**YOUR GOAL:** Print the listing in full, exactly as it stands.

+++ DATASET SECTION

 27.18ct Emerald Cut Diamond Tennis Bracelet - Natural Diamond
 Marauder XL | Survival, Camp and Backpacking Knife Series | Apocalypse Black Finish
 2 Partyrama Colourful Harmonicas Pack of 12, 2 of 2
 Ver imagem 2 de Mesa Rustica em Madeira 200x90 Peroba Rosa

++++++

**EXERCISE SOLUTION:**
 27.18ct Emerald Cut Diamond Tennis Bracelet - Natural Diamond
 Marauder XL | Survival, Camp and Backpacking Knife Series | Apocalypse Black Finish
 2 Partyrama Colourful Harmonicas Pack of 12, 2 of 2
 Ver imagem 2 de Mesa Rustica em Madeira 200x90 Peroba Rosa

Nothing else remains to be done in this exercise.